It's a cali car if that makes any difference at all.


----------



## rogoman (Dec 16, 2004)

Here are some items that could be causing a high CO reading:
- Dirty air filter.
- Dirty spark plugs.
- Incorrect ignition timing.
- High fuel pressure.
- Dirty fuel injectors, leaking injector(s).

Change the motor oil before going for another smog check.


----------



## jserrano (Oct 27, 2004)

He failed for high HC not CO.


----------



## rogoman (Dec 16, 2004)

Sorry , I meant to say high HC. My mistake.


----------



## mc60170 (Jul 13, 2006)

*Failed Inpection High HC Hydrocarbon Levels*

I too just failed the NYC/NYS emissions test for High HC levels. My vehicle read 0.83 gpm and the test limit is 0.80 gpm.

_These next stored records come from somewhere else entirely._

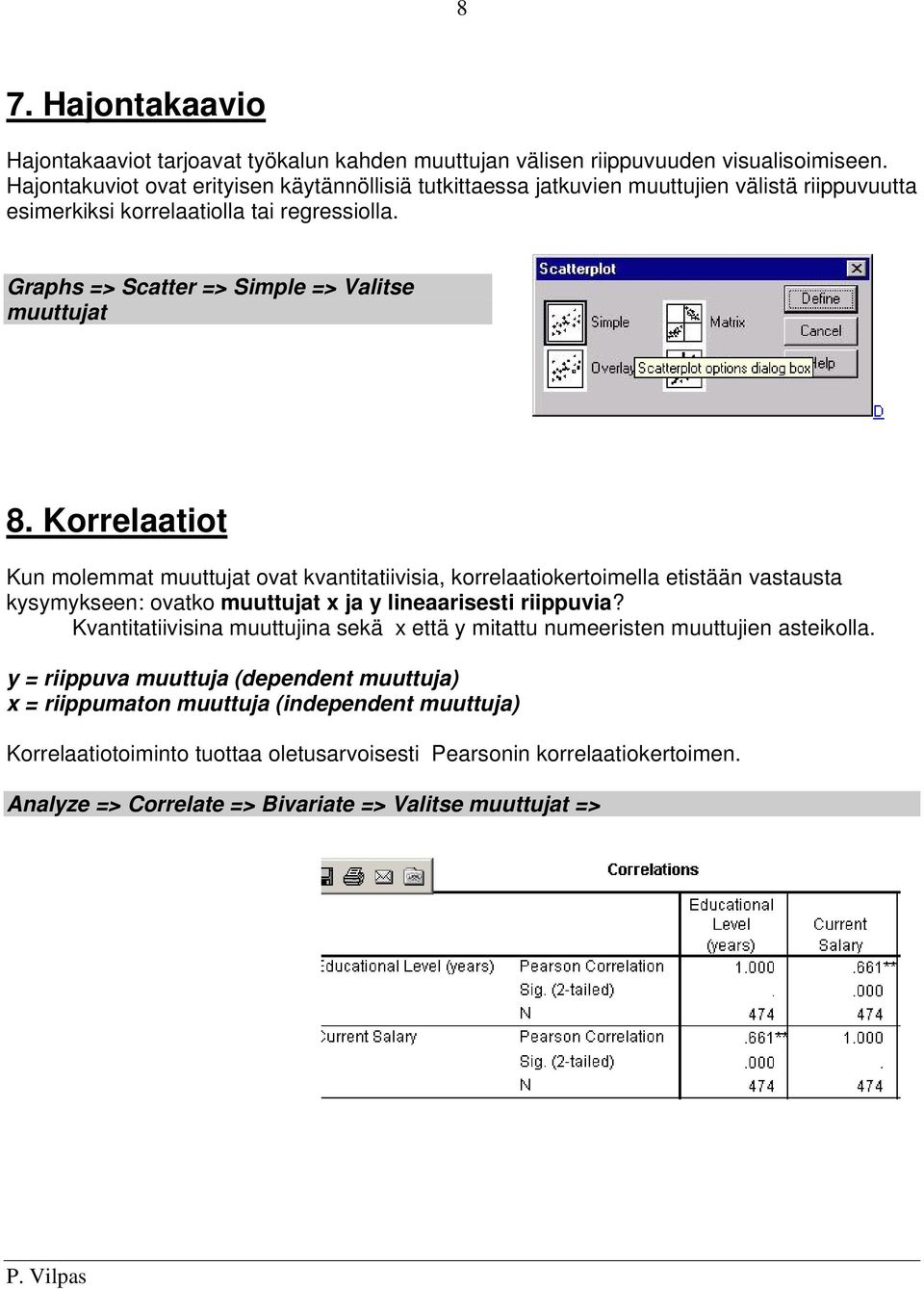 Korrelaatiot Kun molemmat muuttujat ovat kvantitatiivisia, korrelaatiokertoimella etistään vastausta kysymykseen: ovatko muuttujat x ja y lineaarisesti riippuvia?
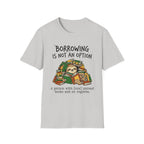 Borrowing Is Not An Option T-Shirt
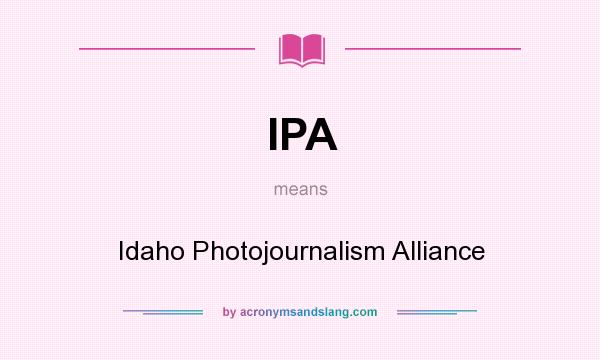 What does IPA mean? It stands for Idaho Photojournalism Alliance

I recently changed the plugs, wires, distributor cap, rotor, and air filter. I have noticed that my mileage has been down over the last couple of weeks and that while driving on the highway the check engine light will sometimes come on for about 30 seconds and then go off.

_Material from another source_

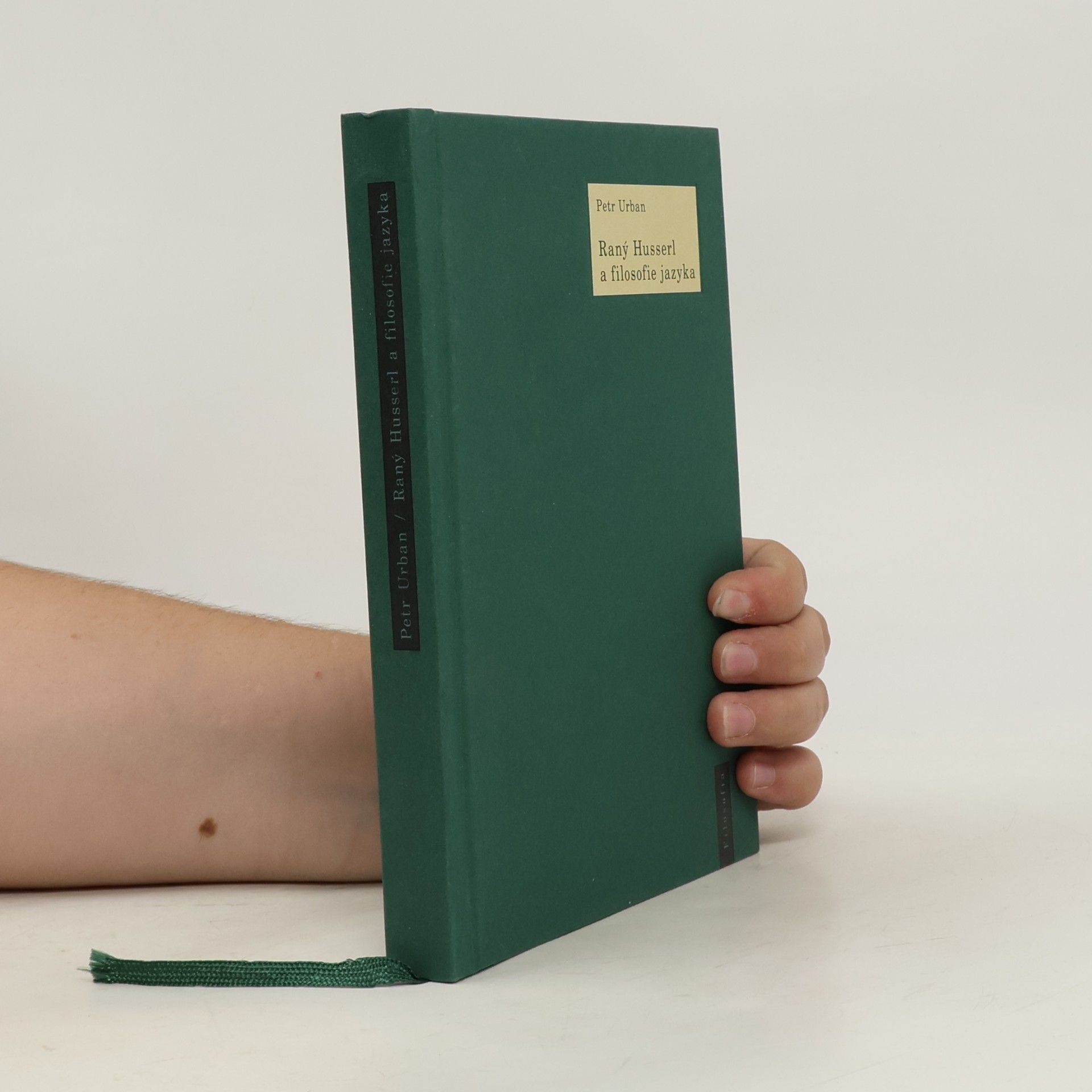Petr Urban Raný Husserl a filosofie jazyka. K Husserlově filosofii a myšlení jazyka v období 1891–1914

Could the air/fuel mixture be too rich? What would I do about that? Any other ideas? I am trying to figure out what to do next.

Thanks,
Marc:waving::waving:


----------



## mc60170 (Jul 13, 2006)

For anyone following, I did get my car through inspection. Did a mini tune up, replaced the plugs with NGK Platinums after gapping. Ran a tank of Techron through the vehicle. Brought it back for an inspection...it failed, then the mechanic re-ran the test with the heater on full and it passed. Doesn't make an sense to me, but I was very happy to get the sticker. Anyone have any ideas why running the heater might affect the outcome of the HC emmisions?


----------